• **WHAT THE TASK REQUIRES**
Set down all of the data again, character for character.

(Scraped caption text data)
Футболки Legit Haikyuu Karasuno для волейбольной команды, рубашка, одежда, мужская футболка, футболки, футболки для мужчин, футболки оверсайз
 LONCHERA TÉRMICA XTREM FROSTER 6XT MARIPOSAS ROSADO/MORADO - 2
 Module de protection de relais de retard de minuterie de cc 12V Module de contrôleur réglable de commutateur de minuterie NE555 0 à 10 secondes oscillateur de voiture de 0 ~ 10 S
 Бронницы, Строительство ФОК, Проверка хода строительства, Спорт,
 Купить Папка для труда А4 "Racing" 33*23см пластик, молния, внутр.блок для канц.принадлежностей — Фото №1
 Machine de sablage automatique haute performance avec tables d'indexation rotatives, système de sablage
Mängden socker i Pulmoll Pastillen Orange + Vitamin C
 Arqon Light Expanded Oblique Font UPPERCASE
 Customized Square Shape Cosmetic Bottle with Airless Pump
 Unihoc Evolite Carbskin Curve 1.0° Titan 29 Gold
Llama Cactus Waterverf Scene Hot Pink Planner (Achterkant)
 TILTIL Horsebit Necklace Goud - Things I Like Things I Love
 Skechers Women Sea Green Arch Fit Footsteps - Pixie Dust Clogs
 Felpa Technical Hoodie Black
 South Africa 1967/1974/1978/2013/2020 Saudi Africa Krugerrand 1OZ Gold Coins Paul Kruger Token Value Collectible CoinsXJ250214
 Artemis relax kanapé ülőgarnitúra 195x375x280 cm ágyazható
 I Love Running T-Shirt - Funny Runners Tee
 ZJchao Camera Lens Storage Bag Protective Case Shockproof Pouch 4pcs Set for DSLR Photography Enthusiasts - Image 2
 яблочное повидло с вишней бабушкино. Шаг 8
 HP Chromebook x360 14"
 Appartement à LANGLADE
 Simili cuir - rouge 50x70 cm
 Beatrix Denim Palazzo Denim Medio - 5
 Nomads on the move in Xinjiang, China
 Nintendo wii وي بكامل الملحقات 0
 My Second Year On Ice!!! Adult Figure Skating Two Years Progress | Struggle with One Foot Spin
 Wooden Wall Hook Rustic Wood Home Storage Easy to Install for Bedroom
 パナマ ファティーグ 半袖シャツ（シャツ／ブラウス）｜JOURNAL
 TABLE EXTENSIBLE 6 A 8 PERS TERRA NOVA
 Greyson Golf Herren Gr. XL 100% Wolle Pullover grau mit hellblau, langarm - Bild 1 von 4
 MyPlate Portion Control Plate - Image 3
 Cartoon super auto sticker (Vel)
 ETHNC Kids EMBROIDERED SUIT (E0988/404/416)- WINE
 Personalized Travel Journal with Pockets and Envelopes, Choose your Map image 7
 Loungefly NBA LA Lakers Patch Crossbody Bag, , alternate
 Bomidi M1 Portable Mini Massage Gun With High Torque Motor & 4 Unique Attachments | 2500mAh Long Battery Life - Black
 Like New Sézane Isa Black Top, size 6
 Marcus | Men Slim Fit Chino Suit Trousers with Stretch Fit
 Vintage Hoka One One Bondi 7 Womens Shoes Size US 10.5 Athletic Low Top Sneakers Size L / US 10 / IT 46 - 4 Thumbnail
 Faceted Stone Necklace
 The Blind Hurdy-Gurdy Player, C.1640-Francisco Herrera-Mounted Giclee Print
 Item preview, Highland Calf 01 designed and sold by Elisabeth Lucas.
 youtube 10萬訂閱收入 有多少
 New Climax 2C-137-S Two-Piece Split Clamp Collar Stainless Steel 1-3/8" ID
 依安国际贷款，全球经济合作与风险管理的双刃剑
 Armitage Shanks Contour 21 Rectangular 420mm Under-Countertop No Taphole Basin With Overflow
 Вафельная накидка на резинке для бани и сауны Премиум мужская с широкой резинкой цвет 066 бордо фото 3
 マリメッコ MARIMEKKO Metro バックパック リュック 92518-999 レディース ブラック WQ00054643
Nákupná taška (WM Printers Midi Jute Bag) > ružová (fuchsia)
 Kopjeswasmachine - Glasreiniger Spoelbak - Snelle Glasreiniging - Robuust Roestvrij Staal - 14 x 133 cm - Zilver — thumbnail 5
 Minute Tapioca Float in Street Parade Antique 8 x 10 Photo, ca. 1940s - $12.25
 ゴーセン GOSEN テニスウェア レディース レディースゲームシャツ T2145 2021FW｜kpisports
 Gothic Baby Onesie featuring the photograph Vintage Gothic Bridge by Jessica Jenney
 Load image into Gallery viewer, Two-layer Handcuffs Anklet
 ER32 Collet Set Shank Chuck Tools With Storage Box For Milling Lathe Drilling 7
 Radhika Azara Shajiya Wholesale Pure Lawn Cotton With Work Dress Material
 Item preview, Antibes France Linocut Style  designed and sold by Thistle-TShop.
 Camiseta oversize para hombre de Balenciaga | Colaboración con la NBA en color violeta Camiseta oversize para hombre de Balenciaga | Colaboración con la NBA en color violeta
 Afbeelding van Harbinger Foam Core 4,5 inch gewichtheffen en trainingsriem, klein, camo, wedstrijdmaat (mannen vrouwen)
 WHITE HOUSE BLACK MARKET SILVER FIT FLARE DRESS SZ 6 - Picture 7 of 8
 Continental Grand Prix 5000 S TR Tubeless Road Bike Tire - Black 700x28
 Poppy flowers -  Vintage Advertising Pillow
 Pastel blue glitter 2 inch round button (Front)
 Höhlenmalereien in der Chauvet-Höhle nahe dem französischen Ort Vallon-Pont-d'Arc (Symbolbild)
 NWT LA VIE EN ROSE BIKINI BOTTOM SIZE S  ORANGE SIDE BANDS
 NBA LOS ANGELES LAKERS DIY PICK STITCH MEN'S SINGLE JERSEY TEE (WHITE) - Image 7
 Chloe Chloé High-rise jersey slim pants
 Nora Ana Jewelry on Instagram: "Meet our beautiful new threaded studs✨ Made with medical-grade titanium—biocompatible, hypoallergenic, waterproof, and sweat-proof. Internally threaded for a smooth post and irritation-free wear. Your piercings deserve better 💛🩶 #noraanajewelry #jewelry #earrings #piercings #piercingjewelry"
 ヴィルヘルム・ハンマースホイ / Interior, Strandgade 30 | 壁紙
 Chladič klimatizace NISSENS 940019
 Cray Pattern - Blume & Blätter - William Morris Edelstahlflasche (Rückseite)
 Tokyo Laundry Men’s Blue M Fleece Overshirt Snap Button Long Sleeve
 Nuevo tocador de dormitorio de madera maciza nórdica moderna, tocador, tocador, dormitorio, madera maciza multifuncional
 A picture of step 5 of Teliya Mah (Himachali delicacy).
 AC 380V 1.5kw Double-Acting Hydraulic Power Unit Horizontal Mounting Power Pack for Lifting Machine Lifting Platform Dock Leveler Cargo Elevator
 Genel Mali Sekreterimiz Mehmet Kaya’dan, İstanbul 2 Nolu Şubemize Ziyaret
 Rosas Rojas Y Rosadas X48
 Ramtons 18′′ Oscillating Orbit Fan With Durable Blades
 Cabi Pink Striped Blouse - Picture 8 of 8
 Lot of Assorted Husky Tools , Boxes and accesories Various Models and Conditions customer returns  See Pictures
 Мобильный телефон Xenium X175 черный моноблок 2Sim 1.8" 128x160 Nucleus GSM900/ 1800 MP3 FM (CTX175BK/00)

• **TASK SOLUTION**
Футболки Legit Haikyuu Karasuno для волейбольной команды, рубашка, одежда, мужская футболка, футболки, футболки для мужчин, футболки оверсайз
 LONCHERA TÉRMICA XTREM FROSTER 6XT MARIPOSAS ROSADO/MORADO - 2
 Module de protection de relais de retard de minuterie de cc 12V Module de contrôleur réglable de commutateur de minuterie NE555 0 à 10 secondes oscillateur de voiture de 0 ~ 10 S
 Бронницы, Строительство ФОК, Проверка хода строительства, Спорт,
 Купить Папка для труда А4 "Racing" 33*23см пластик, молния, внутр.блок для канц.принадлежностей — Фото №1
 Machine de sablage automatique haute performance avec tables d'indexation rotatives, système de sablage
Mängden socker i Pulmoll Pastillen Orange + Vitamin C
 Arqon Light Expanded Oblique Font UPPERCASE
 Customized Square Shape Cosmetic Bottle with Airless Pump
 Unihoc Evolite Carbskin Curve 1.0° Titan 29 Gold
Llama Cactus Waterverf Scene Hot Pink Planner (Achterkant)
 TILTIL Horsebit Necklace Goud - Things I Like Things I Love
 Skechers Women Sea Green Arch Fit Footsteps - Pixie Dust Clogs
 Felpa Technical Hoodie Black
 South Africa 1967/1974/1978/2013/2020 Saudi Africa Krugerrand 1OZ Gold Coins Paul Kruger Token Value Collectible CoinsXJ250214
 Artemis relax kanapé ülőgarnitúra 195x375x280 cm ágyazható
 I Love Running T-Shirt - Funny Runners Tee
 ZJchao Camera Lens Storage Bag Protective Case Shockproof Pouch 4pcs Set for DSLR Photography Enthusiasts - Image 2
 яблочное повидло с вишней бабушкино. Шаг 8
 HP Chromebook x360 14"
 Appartement à LANGLADE
 Simili cuir - rouge 50x70 cm
 Beatrix Denim Palazzo Denim Medio - 5
 Nomads on the move in Xinjiang, China
 Nintendo wii وي بكامل الملحقات 0
 My Second Year On Ice!!! Adult Figure Skating Two Years Progress | Struggle with One Foot Spin
 Wooden Wall Hook Rustic Wood Home Storage Easy to Install for Bedroom
 パナマ ファティーグ 半袖シャツ（シャツ／ブラウス）｜JOURNAL
 TABLE EXTENSIBLE 6 A 8 PERS TERRA NOVA
 Greyson Golf Herren Gr. XL 100% Wolle Pullover grau mit hellblau, langarm - Bild 1 von 4
 MyPlate Portion Control Plate - Image 3
 Cartoon super auto sticker (Vel)
 ETHNC Kids EMBROIDERED SUIT (E0988/404/416)- WINE
 Personalized Travel Journal with Pockets and Envelopes, Choose your Map image 7
 Loungefly NBA LA Lakers Patch Crossbody Bag, , alternate
 Bomidi M1 Portable Mini Massage Gun With High Torque Motor & 4 Unique Attachments | 2500mAh Long Battery Life - Black
 Like New Sézane Isa Black Top, size 6
 Marcus | Men Slim Fit Chino Suit Trousers with Stretch Fit
 Vintage Hoka One One Bondi 7 Womens Shoes Size US 10.5 Athletic Low Top Sneakers Size L / US 10 / IT 46 - 4 Thumbnail
 Faceted Stone Necklace
 The Blind Hurdy-Gurdy Player, C.1640-Francisco Herrera-Mounted Giclee Print
 Item preview, Highland Calf 01 designed and sold by Elisabeth Lucas.
 youtube 10萬訂閱收入 有多少
 New Climax 2C-137-S Two-Piece Split Clamp Collar Stainless Steel 1-3/8" ID
 依安国际贷款，全球经济合作与风险管理的双刃剑
 Armitage Shanks Contour 21 Rectangular 420mm Under-Countertop No Taphole Basin With Overflow
 Вафельная накидка на резинке для бани и сауны Премиум мужская с широкой резинкой цвет 066 бордо фото 3
 マリメッコ MARIMEKKO Metro バックパック リュック 92518-999 レディース ブラック WQ00054643
Nákupná taška (WM Printers Midi Jute Bag) > ružová (fuchsia)
 Kopjeswasmachine - Glasreiniger Spoelbak - Snelle Glasreiniging - Robuust Roestvrij Staal - 14 x 133 cm - Zilver — thumbnail 5
 Minute Tapioca Float in Street Parade Antique 8 x 10 Photo, ca. 1940s - $12.25
 ゴーセン GOSEN テニスウェア レディース レディースゲームシャツ T2145 2021FW｜kpisports
 Gothic Baby Onesie featuring the photograph Vintage Gothic Bridge by Jessica Jenney
 Load image into Gallery viewer, Two-layer Handcuffs Anklet
 ER32 Collet Set Shank Chuck Tools With Storage Box For Milling Lathe Drilling 7
 Radhika Azara Shajiya Wholesale Pure Lawn Cotton With Work Dress Material
 Item preview, Antibes France Linocut Style  designed and sold by Thistle-TShop.
 Camiseta oversize para hombre de Balenciaga | Colaboración con la NBA en color violeta Camiseta oversize para hombre de Balenciaga | Colaboración con la NBA en color violeta
 Afbeelding van Harbinger Foam Core 4,5 inch gewichtheffen en trainingsriem, klein, camo, wedstrijdmaat (mannen vrouwen)
 WHITE HOUSE BLACK MARKET SILVER FIT FLARE DRESS SZ 6 - Picture 7 of 8
 Continental Grand Prix 5000 S TR Tubeless Road Bike Tire - Black 700x28
 Poppy flowers -  Vintage Advertising Pillow
 Pastel blue glitter 2 inch round button (Front)
 Höhlenmalereien in der Chauvet-Höhle nahe dem französischen Ort Vallon-Pont-d'Arc (Symbolbild)
 NWT LA VIE EN ROSE BIKINI BOTTOM SIZE S  ORANGE SIDE BANDS
 NBA LOS ANGELES LAKERS DIY PICK STITCH MEN'S SINGLE JERSEY TEE (WHITE) - Image 7
 Chloe Chloé High-rise jersey slim pants
 Nora Ana Jewelry on Instagram: "Meet our beautiful new threaded studs✨ Made with medical-grade titanium—biocompatible, hypoallergenic, waterproof, and sweat-proof. Internally threaded for a smooth post and irritation-free wear. Your piercings deserve better 💛🩶 #noraanajewelry #jewelry #earrings #piercings #piercingjewelry"
 ヴィルヘルム・ハンマースホイ / Interior, Strandgade 30 | 壁紙
 Chladič klimatizace NISSENS 940019
 Cray Pattern - Blume & Blätter - William Morris Edelstahlflasche (Rückseite)
 Tokyo Laundry Men’s Blue M Fleece Overshirt Snap Button Long Sleeve
 Nuevo tocador de dormitorio de madera maciza nórdica moderna, tocador, tocador, dormitorio, madera maciza multifuncional
 A picture of step 5 of Teliya Mah (Himachali delicacy).
 AC 380V 1.5kw Double-Acting Hydraulic Power Unit Horizontal Mounting Power Pack for Lifting Machine Lifting Platform Dock Leveler Cargo Elevator
 Genel Mali Sekreterimiz Mehmet Kaya’dan, İstanbul 2 Nolu Şubemize Ziyaret
 Rosas Rojas Y Rosadas X48
 Ramtons 18′′ Oscillating Orbit Fan With Durable Blades
 Cabi Pink Striped Blouse - Picture 8 of 8
 Lot of Assorted Husky Tools , Boxes and accesories Various Models and Conditions customer returns  See Pictures
 Мобильный телефон Xenium X175 черный моноблок 2Sim 1.8" 128x160 Nucleus GSM900/ 1800 MP3 FM (CTX175BK/00)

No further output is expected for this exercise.